Ian è un elfo adolescente, timido e impacciato. Vive in un mondo abitato da creature fantasy, ma per il resto del tutto identico al nostro. Una volta esisteva la magia, ma ormai è stata soppiantata dalla tecnologia. Ian è rimasto orfano di padre ancora piccolo, e soffre molto per non averlo mai conosciuto, nonostante il fratello maggiore Barley e la madre Laurel si facciano in quattro per colmare quel vuoto. Quando compie sedici anni, Ian riceve in regalo un bastone magico che può riportare in vita il padre, anche se solo per ventiquattro ore. Tuttavia, qualcosa non va come previsto, e Ian e Barley dovranno imbarcarsi in un viaggio alla ricerca della magia perduta per coronare il sogno di rivedere il padre.

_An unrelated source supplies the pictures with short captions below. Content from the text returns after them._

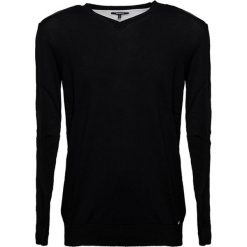 Sweter w kolorze czarnym. Czarne swetry męskie Pepe Jeans, Mexx, Pierre Cardin, s, bez wzorów, z bawełny, bez kołnierzyka, bez kaptura. W wyprzedaży za 137,95 zł.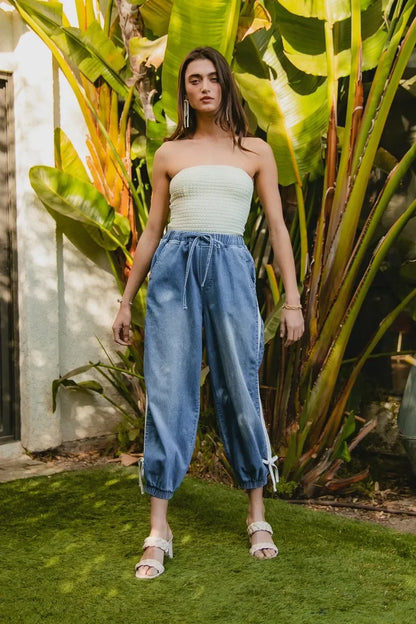 Elastic Waist Jeans - Eva's Edition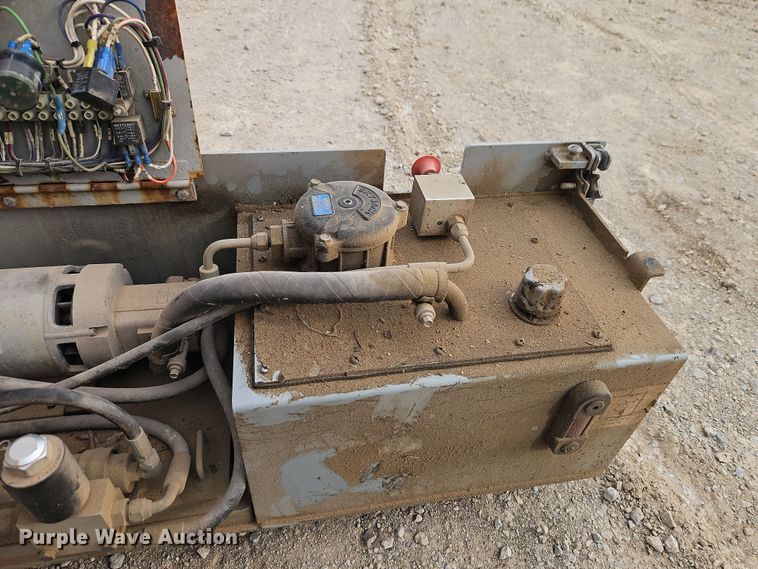 image for item EI8892 Skyjack SJIII 3226 scissor lift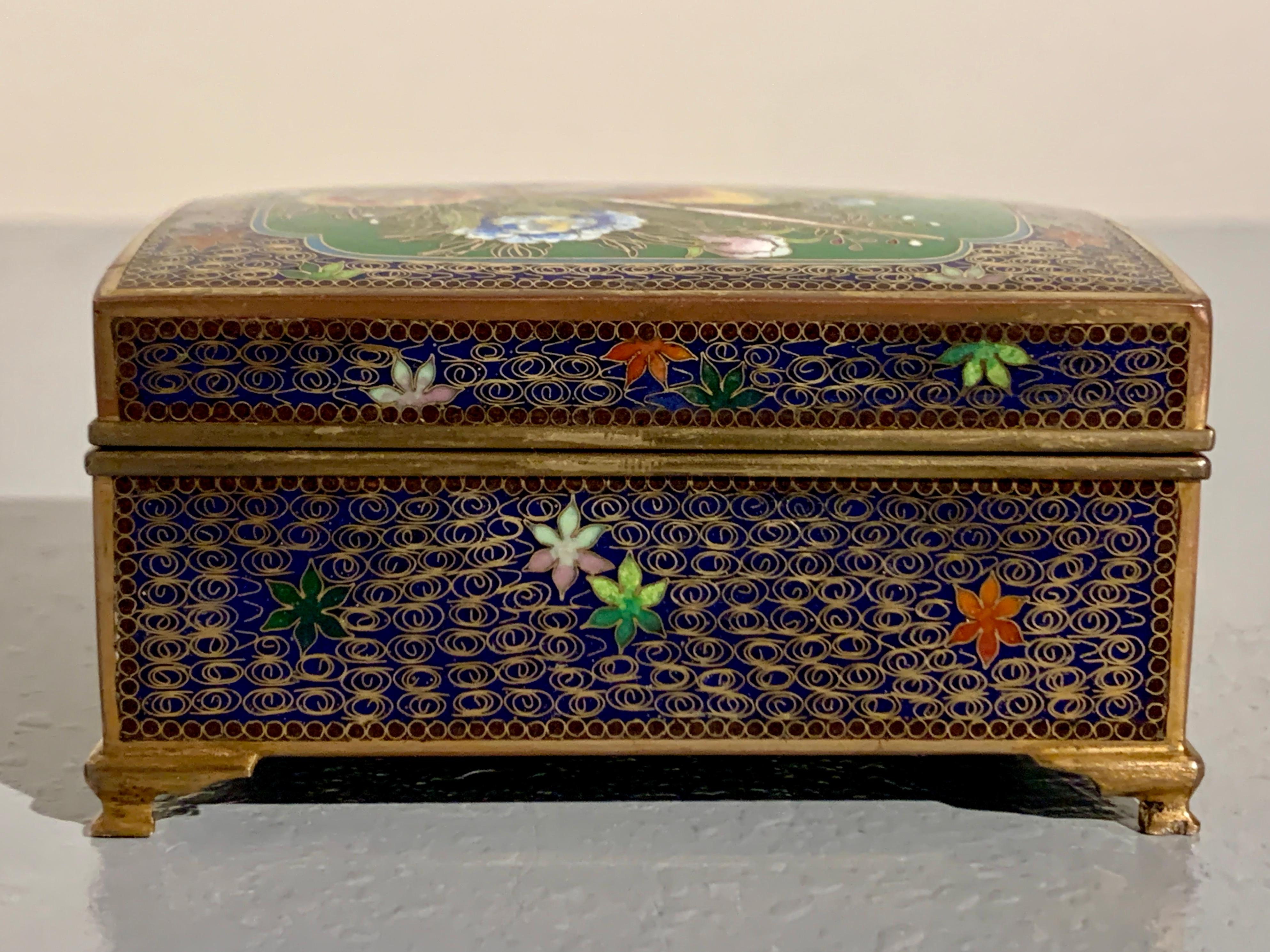 Small Japanese Cloisonne Enamel Trinket Box with Pheasant, Meiji Period, Japan 3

"Qualunque tecnologia sufficientemente avanzata è indistinguibile dalla magia." Queste parole di Arthur C. Clarke risuonano potenti in Onward, dove la tecnologia e le comodità che essa porta sono riuscite a spazzare via la magia, rendendola obsoleta, persino in un mondo abitato da creature che noi definiremmo magiche: elfi, centauri, manticore, unicorni. Come sempre, la Pixar non fa nulla per caso: quello che sembra semplicemente un espediente narrativo è in realtà la chiave di lettura del film, che aggiunge livelli di complessità alla ormai conosciuta metafora del viaggio, elemento centrale di ogni road movie che si rispetti.
Il viaggio di Barley e Ian alla ricerca del padre e della speranza di rivederlo anche solo per un attimo è ovviamente un viaggio alla scoperta di se stessi, sia a livello individuale che di coppia, ma non solo: è il viaggio di un intero mondo alla riscoperta delle proprie radici dimenticate, sacrificate sull'altare di una modernità che tranquillizza e conforta ma in modo narcotico, sedando le emozioni e le passioni. La riscoperta delle radici, delle passioni dimenticate, degli affetti, della capacità di sognare a occhi aperti sono elementi centrali della poetica della Pixar, e vengono qui declinate in un film all'apparenza semplice, ma che acquisisce crescente complessità dopo che si è usciti dalla sala e si ripensa a quanto visto. La vera missione è quella di ritrovare il passato, e solo chi ha il cuore puro di un paladino delle leggende può sperare di farlo: non è un caso che la "chiave" per questa conoscenza del passato sia nascosta in un gioco di carte fantasy, passatempo da sognatori per eccellenza. Il passato non viene visto solo in chiave nostalgica, ma come un sistema di valori abbandonato forse troppo in fretta, sacrificato sull'altare di un progresso che non pare però in grado di colmare alcuni vuoti interiori. Un messaggio quanto mai attuale in un'era dove la tecnologia è sempre più radicata nelle nostre vite, paradossalmente rafforzato proprio da quella pandemia che ha finora impedito di vedere Onward in sala.
Questi elementi, questi molteplici livelli di lettura non vengono presentati in modo didascalico, come spesso accade nei film per ragazzi, ma nascosti con delicatezza nella trama, come tante piccole gemme che lo spettatore cattura quasi inconsciamente, per poi rivelarsi nel loro splendore al termine del percorso. Un percorso fatto, come sempre nei film Pixar, di humor, trovate geniali, ma anche lacrime, dilemmi interiori, e riflessioni sulle difficoltà della crescita.
I personaggi sono delineati con grande delicatezza e precisioni: Ian e Barley (splendidamente doppiati in originale da Tom Holland e Chris Pratt) sono dei novelli Narciso e Boccadoro, ragione e passione, ma sono anche due fratelli cresciuti senza un padre, insicuri (ciascuno a suo modo) e in cerca di un affetto che non sanno di possedere già. La crescita di Ian, in particolare, è il cuore emotivo del film, che porta ai momenti più spettacolari ma anche più emozionanti, culminanti nel finale dove sarà difficile anche ai cuori più aridi non versare nemmeno una lacrima.
Onward è un film Pixar solo in apparenza minore, ma che in realtà, proprio come una ricerca nei romanzi cavallereschi, ci accompagna in luoghi nascosti e preziosi, facendoci divertire ma anche riflettere sul senso della vita e sull'importanza dei rapporti personali. Si arriva al premio finale? Certo: ma ciò che conta, in fondo, è il viaggio.